Sikap dan perilaku Jokowi dansimpatisannya di Komisi Pemilihan Umum (KPU) menunjukkan siapa mereka sebenarnya. Mereka jauh dari santun, sederhana, dan anti kampanye hitam, seperti citra yang selama ini mereka bangun.
KPU Minggu 1 Juni 2014. Setelah mendapatkan nomor urut, Jokowi diberi kesempatan untuk memberi sambutan. Dalam sambutan yang berlangsung kurang lebih lima menit, Jokowi coba merangkai-rangkai kalimat, mengotak-atik makna di balik nomor yang ia dapat.
Nomor 2 menurut terawangan Jokowi memiliki arti kekompakkan. Nomor dua melambangkan kesempurnaan: presiden dan wakil presiden, mata kiri dan kanan, dan sepasang telinga.
Tak ada yang menarik dari cara Jokowi mengotak-atik kata. Nomor yang didapat pasangan tak lebih dari nomor urut, tak ada hubungannya dengan kekompakan, kemenangan, bahkan nomer togel sekalipun. Tapi, masing-masing orang memang berhak menghibur diri sendiri atas apa yang mereka peroleh.
Yang menarik dan mengingatkan kita akan pentingnya aturan adalah kata-kata Jokowi di akhir sambutannya. Di hadapan petugas KPU, pasangan capres-cawapres lain serta pada pendukungnya, Jokowi berkampanye agar memilih nomor dua.
Apa yang dilakukan Jokowi dalam sambutannya itu telah membongkar siapa dirinya.
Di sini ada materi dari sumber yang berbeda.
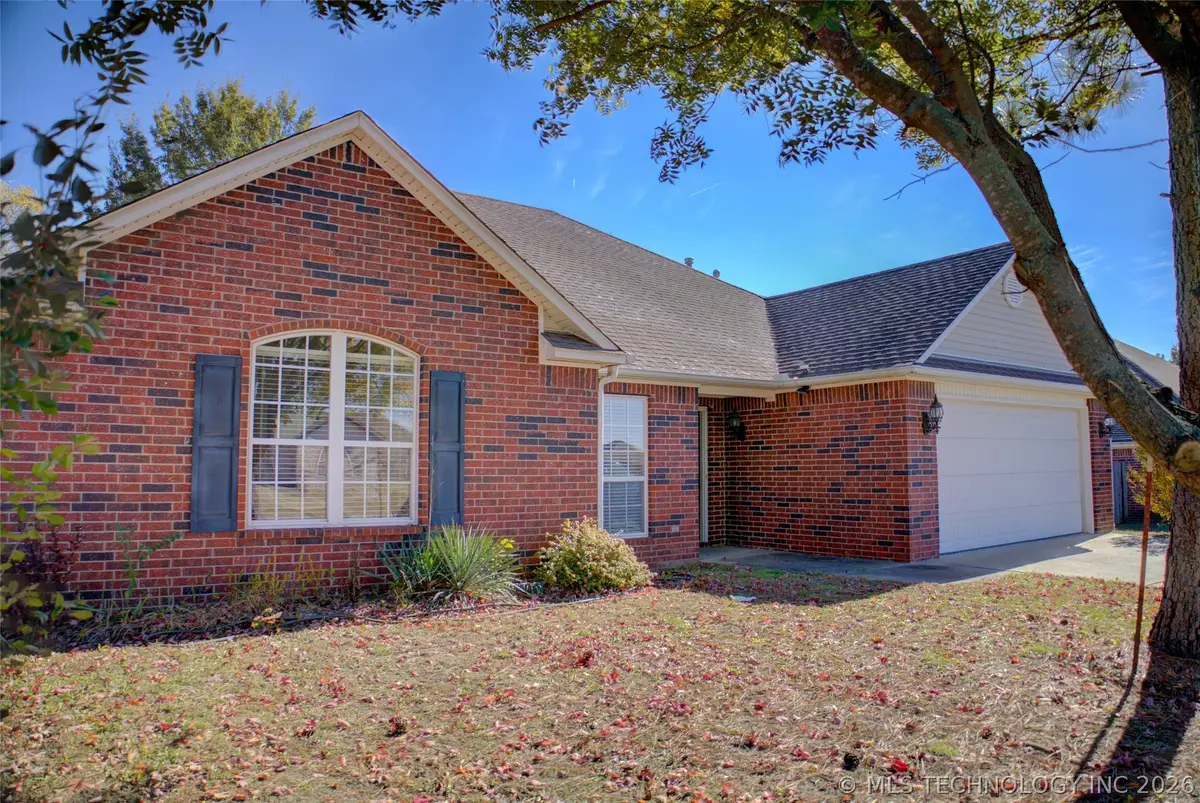 1920 Richmond Drive, Bartlesville, OK 74006 - #1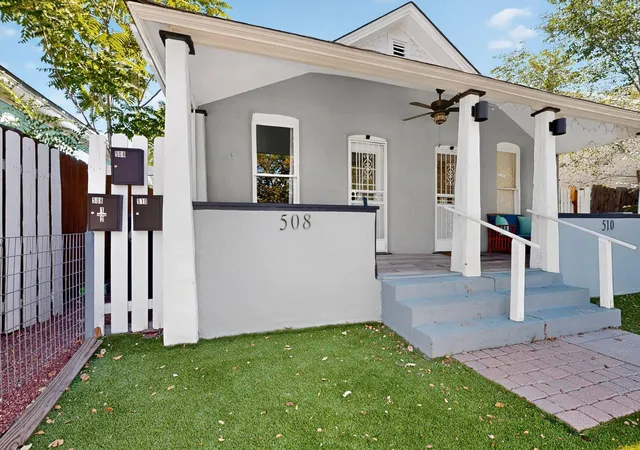 2nd image of 508 Walter St Se, Albuquerque, NM 87102 | MLS# 1106259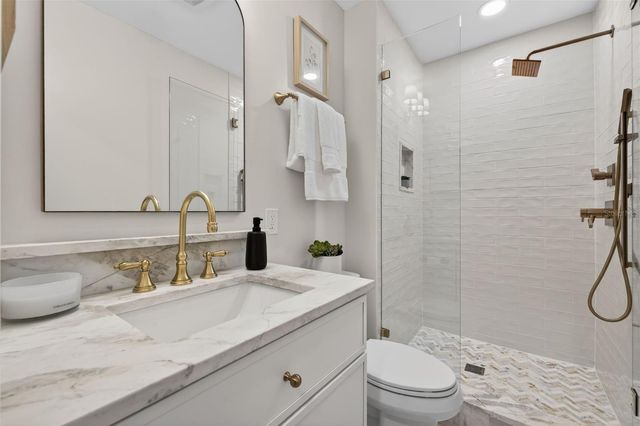 101 27TH AVENUE N, St Petersburg, FL 33704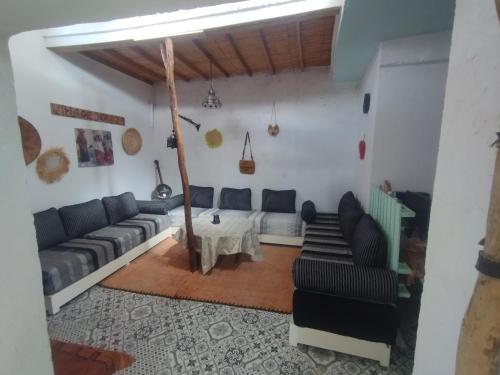 uma sala de estar com um sofá e uma mesa em Village donkey em Essaouira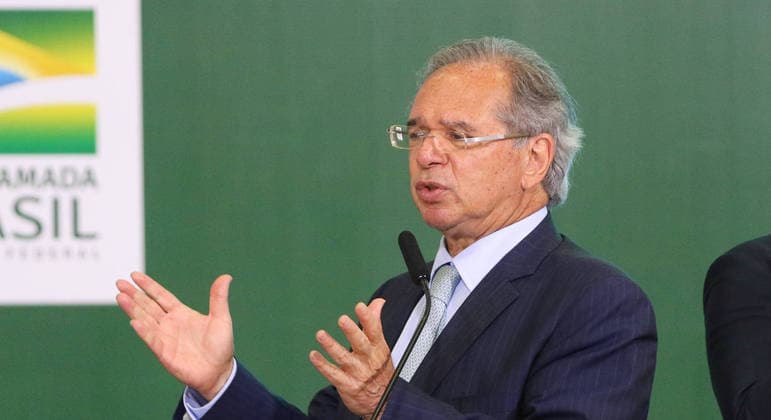 Queda de dados de emprego não é 'mudança relevante', diz Guedes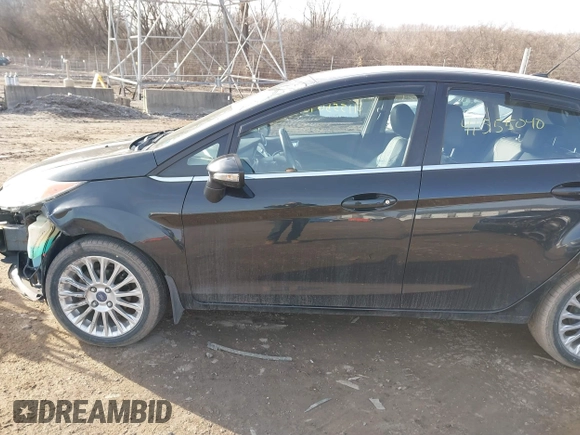 2014 Ford Fiesta Titanium z VIN 3FADP4FJXEM127644, wystawiony jako IAAI lot #41555040 z przebiegiem 107 046 mil mil oraz . Historia ofert i sprzedaży dostępna na DreamBid. Obrazek 15.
Sejak pertama datang ke Jakarta, Jokowi selalu menampilkan diri sebagai orang tak butuh kuasa. Pencalonannya dalam pilgub DKI, akunya saat itu, hanya memenuhi mandat partai. Citra tersebut telah berhasil mengisi imajinasi warga Jakarta tentang sosok sederhana dan merakyat. Jokowi terpilih.
Tapi, himbauannya di KPU agar rakyat memilih dia, merusak gambaran orang tentang Jokowi. Kampanye baru dibolehkan dua hari setelah pengundian nomor urut. Kampanye yang dilakukan pada Minggu itu tak cuma menunjukkan ambisi Jokowi menjadi presiden tapi juga soal aturan yang telah ditetapkan.
Tak hanya Jokowi, sikap serupa ditunjukkan pada simpatisannya. Menggunakan perangkat pengeras suara milik KPU, mereka menari-nari dan mengelu-elukan Jokowi. Kegembiraan dan arogansi mereka semakin lengkap dengan banyaknya spanduk dan poster yang meyanjung-nyanjung Jokowi dan merendahkan pasangan capres lain.
Setelah peristiwa Minggu itu, masihkah Jokowi dan simpatisannya berhak menyebut sebagai yang paling jujur, santun, sederhana? Sama sekali tidak.